Measuring Hormones Could Help Improve Breast Cancer Risk Prediction
NATIONAL HARBOR, Md. — Including the levels of several hormones in currently used breast cancer risk prediction models improves prediction, and this could help better identify women who would benefit from chemoprevention, according to results presented here at the 12th Annual AACR International Conference on Frontiers in Cancer Prevention Research, held Oct. 27-30.
“Postmenopausal women with high levels of the hormones estrogens, androgens, and prolactin, have a higher risk of breast cancer than women with low levels,” said Shelley S. Tworoger, Ph.D., associate professor in the Channing Division of Network Medicine at Brigham and Women’s Hospital and Harvard Medical School in Boston, Mass. “At this point in time, however, no hormones are included in breast cancer risk prediction models. Our study suggests that adding estrone sulfate, testosterone, and prolactin levels may provide the biggest improvement in risk prediction for breast cancer.”

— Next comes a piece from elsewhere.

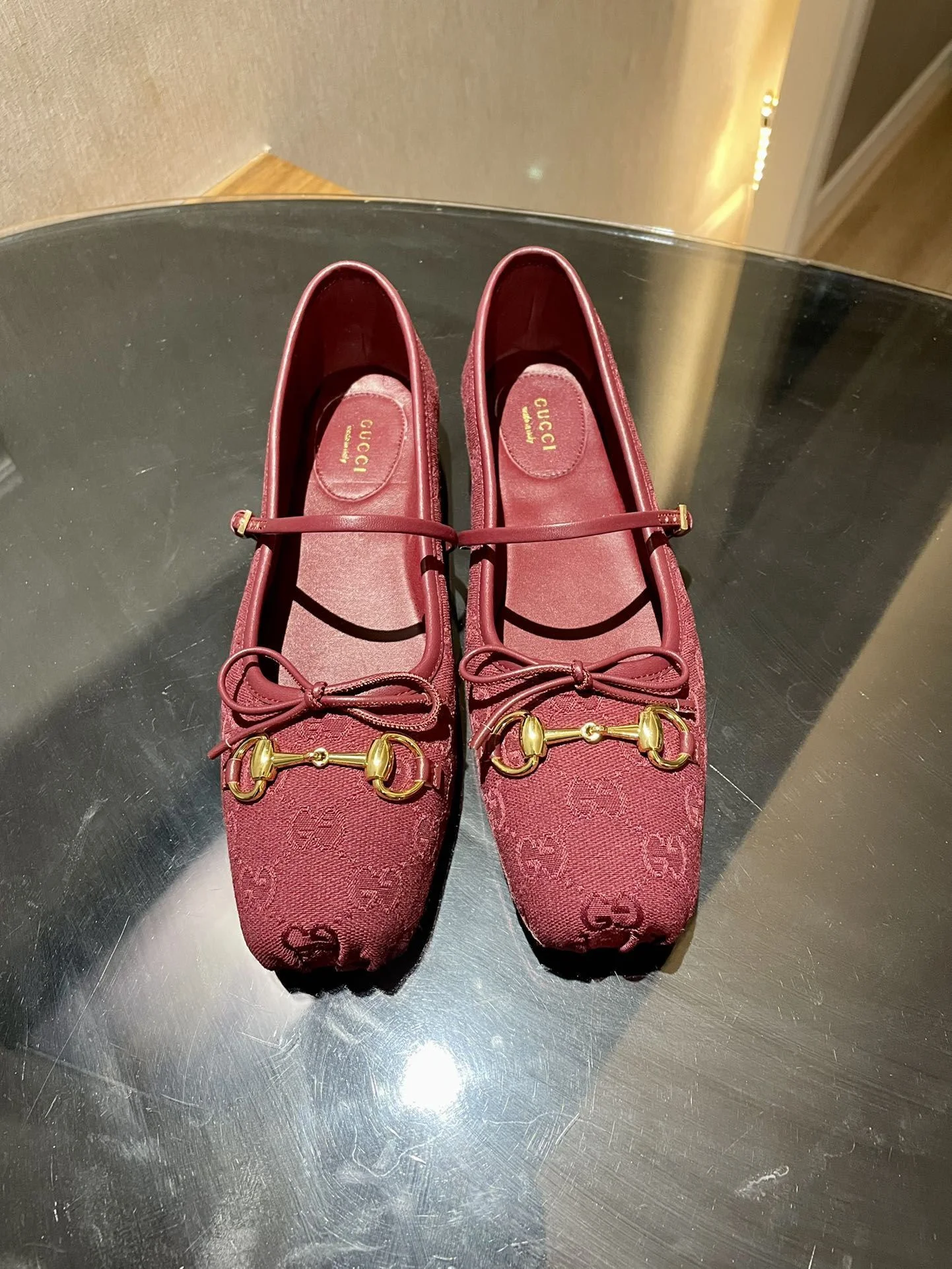 Tailored Gucci Flat Shoes 24522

To predict a woman’s risk for breast cancer, the National Cancer Institute designed a statistical method called the Gail model, which takes into account factors that can be determined using a questionnaire or at a doctor’s office, including number of pregnancies and age at menarche. Similar risk estimates can be made using another model, called the Rosner-Colditz model. These models, however, currently do not consider the levels of hormones in a woman’s blood to predict the risk.
“The improvement in prediction when adding circulating hormone levels was better than the improvement observed by other studies that included mammographic density and genetic factors,” said Tworoger. “With additional studies verifying our results, we hope that current breast cancer risk prediction models could be modified to incorporate measurement of sex hormones, as well as mammographic density and genetic factors, when assessing a woman’s breast cancer risk.”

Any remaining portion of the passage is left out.